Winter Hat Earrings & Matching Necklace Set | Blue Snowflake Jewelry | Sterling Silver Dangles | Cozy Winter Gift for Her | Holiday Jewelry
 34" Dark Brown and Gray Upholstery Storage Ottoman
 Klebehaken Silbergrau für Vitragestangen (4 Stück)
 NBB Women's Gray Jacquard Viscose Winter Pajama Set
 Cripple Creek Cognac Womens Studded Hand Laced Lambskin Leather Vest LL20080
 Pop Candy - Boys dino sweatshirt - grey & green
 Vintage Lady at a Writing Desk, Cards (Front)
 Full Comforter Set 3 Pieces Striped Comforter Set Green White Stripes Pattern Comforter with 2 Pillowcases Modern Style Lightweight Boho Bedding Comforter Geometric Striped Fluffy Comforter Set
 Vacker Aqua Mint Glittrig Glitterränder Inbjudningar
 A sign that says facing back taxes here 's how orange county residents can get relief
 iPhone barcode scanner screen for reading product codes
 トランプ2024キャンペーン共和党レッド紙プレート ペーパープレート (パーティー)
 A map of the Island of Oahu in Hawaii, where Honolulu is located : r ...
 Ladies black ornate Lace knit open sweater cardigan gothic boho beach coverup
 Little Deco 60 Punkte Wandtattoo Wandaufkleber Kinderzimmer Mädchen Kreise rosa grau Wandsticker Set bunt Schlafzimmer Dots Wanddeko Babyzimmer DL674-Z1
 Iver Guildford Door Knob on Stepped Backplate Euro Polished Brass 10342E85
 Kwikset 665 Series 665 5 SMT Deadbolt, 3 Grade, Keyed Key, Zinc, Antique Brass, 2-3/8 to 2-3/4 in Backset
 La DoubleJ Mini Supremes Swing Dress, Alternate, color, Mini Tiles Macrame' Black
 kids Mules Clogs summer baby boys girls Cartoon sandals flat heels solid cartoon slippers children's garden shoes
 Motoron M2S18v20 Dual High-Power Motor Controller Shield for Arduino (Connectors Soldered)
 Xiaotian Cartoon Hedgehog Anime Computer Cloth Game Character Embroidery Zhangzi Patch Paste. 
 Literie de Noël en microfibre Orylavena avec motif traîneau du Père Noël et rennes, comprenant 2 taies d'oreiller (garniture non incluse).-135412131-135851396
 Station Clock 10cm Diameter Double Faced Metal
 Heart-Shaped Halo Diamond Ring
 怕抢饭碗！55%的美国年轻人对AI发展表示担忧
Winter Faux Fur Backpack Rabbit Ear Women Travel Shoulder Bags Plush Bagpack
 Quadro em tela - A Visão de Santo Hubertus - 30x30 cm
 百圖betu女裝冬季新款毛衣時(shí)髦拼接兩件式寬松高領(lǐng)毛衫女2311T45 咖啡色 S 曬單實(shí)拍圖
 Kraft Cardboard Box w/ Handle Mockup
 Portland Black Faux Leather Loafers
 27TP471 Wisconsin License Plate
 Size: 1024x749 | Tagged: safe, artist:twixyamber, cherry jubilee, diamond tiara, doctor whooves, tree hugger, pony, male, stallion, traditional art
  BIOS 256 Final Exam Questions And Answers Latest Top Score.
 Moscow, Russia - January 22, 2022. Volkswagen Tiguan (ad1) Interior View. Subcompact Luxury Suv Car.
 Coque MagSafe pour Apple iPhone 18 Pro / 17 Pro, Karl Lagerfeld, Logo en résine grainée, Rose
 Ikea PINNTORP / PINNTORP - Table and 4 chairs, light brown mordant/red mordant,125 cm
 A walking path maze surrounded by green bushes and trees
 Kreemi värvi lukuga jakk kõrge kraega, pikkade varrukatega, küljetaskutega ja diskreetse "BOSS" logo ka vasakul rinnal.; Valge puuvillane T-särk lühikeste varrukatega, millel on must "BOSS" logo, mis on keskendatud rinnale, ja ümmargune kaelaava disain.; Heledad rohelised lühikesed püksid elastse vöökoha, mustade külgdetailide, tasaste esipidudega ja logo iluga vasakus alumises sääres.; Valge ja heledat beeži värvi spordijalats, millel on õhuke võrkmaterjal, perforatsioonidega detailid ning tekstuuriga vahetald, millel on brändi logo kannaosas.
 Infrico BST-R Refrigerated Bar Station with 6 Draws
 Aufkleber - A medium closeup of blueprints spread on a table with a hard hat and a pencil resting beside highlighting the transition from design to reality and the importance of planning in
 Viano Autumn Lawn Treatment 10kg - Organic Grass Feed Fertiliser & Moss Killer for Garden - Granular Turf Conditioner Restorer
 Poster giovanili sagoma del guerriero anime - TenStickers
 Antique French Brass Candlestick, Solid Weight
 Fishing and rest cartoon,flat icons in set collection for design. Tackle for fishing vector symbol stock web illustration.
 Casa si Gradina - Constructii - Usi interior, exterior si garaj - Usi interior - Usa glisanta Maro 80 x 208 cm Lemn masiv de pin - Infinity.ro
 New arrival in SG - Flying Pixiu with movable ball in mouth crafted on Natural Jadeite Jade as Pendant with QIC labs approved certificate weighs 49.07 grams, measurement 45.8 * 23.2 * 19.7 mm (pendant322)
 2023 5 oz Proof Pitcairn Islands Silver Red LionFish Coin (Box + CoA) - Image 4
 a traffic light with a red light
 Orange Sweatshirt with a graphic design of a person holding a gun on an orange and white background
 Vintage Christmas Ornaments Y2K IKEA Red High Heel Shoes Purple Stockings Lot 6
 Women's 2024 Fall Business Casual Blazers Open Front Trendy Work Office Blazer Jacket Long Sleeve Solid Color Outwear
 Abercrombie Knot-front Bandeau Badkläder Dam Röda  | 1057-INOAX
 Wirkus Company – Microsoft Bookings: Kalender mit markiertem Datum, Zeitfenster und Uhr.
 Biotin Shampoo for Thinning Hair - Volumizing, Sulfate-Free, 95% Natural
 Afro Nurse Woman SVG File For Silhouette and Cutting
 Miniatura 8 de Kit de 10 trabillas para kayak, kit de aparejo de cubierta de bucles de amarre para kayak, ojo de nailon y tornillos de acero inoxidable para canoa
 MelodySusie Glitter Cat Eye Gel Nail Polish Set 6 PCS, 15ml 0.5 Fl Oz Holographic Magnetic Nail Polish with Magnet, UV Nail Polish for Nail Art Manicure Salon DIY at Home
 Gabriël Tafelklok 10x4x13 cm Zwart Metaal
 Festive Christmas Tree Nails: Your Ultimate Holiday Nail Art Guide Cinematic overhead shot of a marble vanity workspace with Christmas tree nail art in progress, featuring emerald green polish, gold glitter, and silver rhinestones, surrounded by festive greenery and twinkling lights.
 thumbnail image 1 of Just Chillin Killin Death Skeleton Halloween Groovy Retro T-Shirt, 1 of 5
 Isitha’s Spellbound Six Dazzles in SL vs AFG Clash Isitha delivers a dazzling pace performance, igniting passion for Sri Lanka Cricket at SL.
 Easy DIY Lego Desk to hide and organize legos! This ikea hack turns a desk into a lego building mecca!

------------------------

> _Your instructions_
When you reach the line with "Cripple Creek Cognac" in the records above, start writing out lines exactly, and stop once the line with "iPhone barcode scanner" has been written; include nothing else.

> _Solution to this problem_
 Cripple Creek Cognac Womens Studded Hand Laced Lambskin Leather Vest LL20080
 Pop Candy - Boys dino sweatshirt - grey & green
 Vintage Lady at a Writing Desk, Cards (Front)
 Full Comforter Set 3 Pieces Striped Comforter Set Green White Stripes Pattern Comforter with 2 Pillowcases Modern Style Lightweight Boho Bedding Comforter Geometric Striped Fluffy Comforter Set
 Vacker Aqua Mint Glittrig Glitterränder Inbjudningar
 A sign that says facing back taxes here 's how orange county residents can get relief
 iPhone barcode scanner screen for reading product codes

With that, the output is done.